# Provided material
━━━━━━━━━━━━━━━━━━━━━━━━━━━━━━

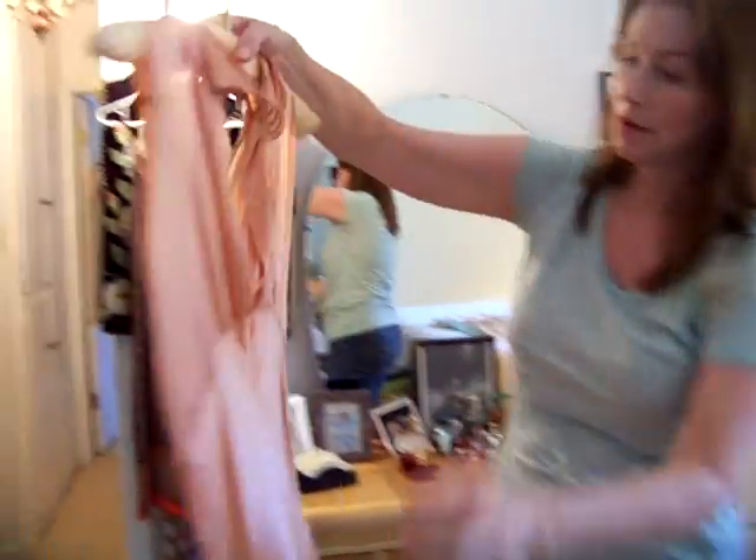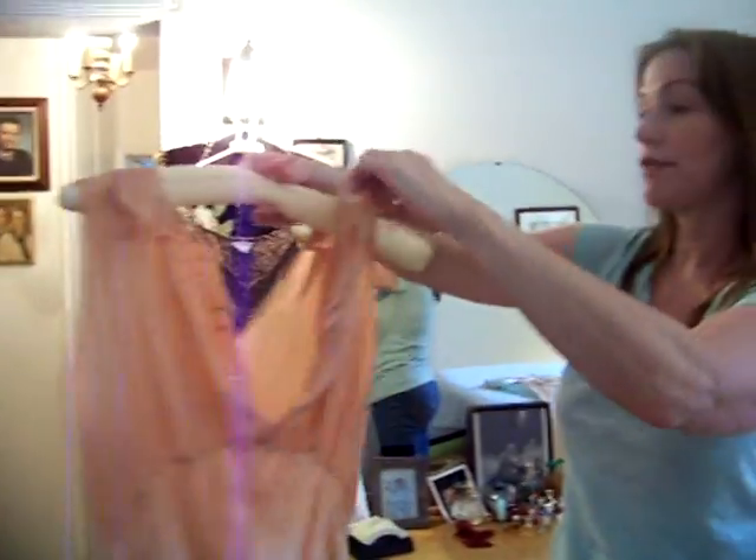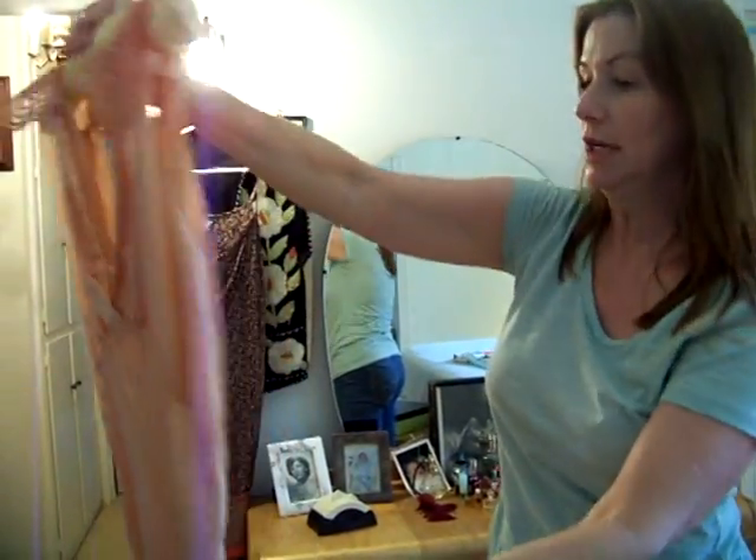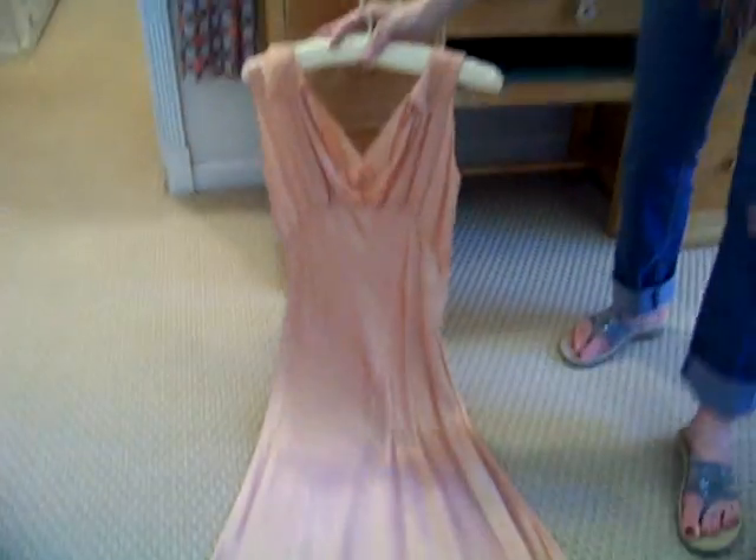This is a watered silk from the late 20s, early 30s, so this is really an old piece. Virtually no staining at all, and just a stunning, stunning color.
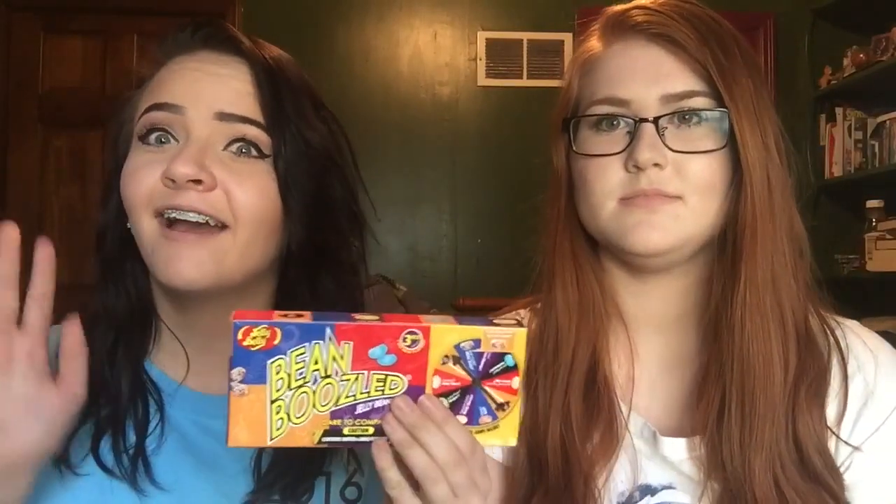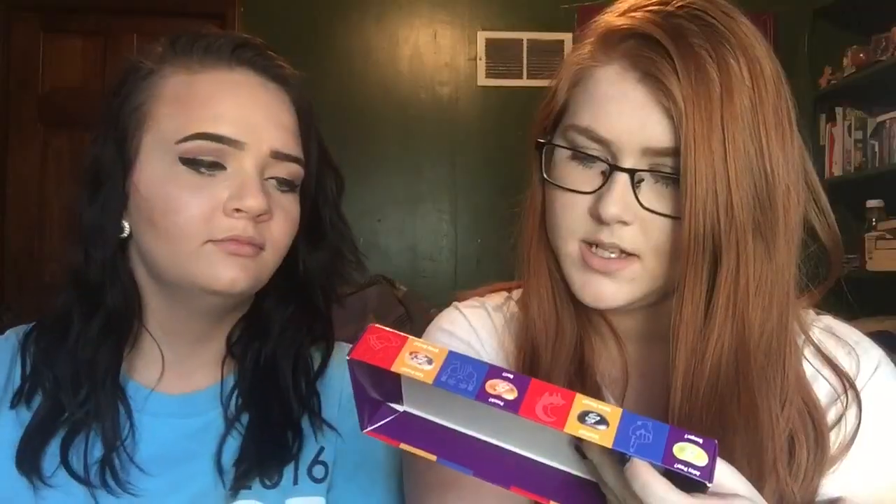Don't throw up already, I haven't even started. Hey everybody, it's Shelby and we're gonna do the BeanBoozled challenge. This is my friend Winter. Basically what BeanBoozled is, you get this little spinner thing. There's jelly beans where one is either stinky socks or tutti frutti and they look the exact same, so we're gonna be throwing up probably.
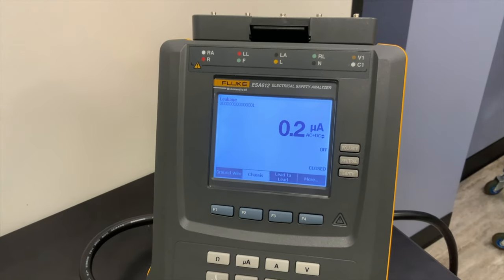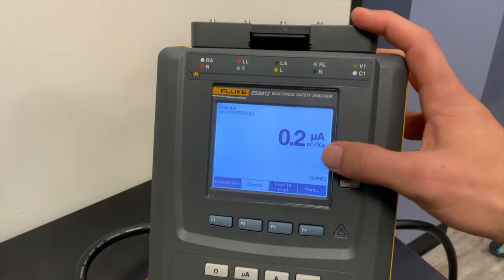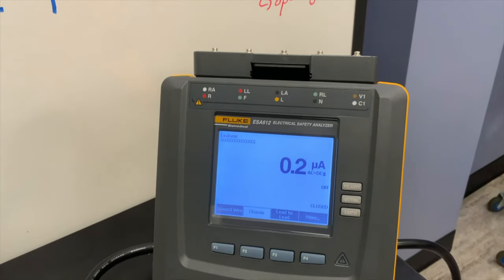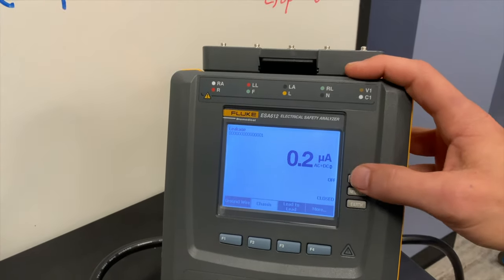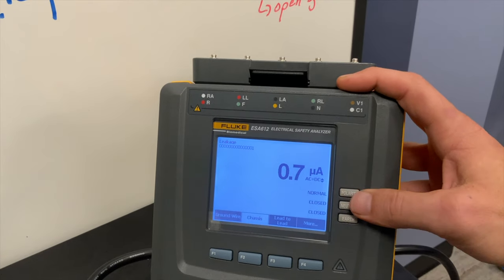We have to make sure polarity is set correctly — right now polarity is off, meaning power is actually off to this device. If I hit the power switch it's not going to turn on, so I have to turn it to normal polarity. We're testing in the no-fault condition and need to turn the device on and off. For a no-fault condition, we should get less than 100 microamps of touch current.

━━━━━━━━━━━━━━━━━━━━━━━━━━━━━━

# Your instructions
Transcribe every line of the data exactly. No pictures go in the copy.

# Result for this task
This is a watered silk from the late 20s, early 30s, so this is really an old piece. Virtually no staining at all, and just a stunning, stunning color.
Don't throw up already, I haven't even started. Hey everybody, it's Shelby and we're gonna do the BeanBoozled challenge. This is my friend Winter. Basically what BeanBoozled is, you get this little spinner thing. There's jelly beans where one is either stinky socks or tutti frutti and they look the exact same, so we're gonna be throwing up probably.
We have to make sure polarity is set correctly — right now polarity is off, meaning power is actually off to this device. If I hit the power switch it's not going to turn on, so I have to turn it to normal polarity. We're testing in the no-fault condition and need to turn the device on and off. For a no-fault condition, we should get less than 100 microamps of touch current.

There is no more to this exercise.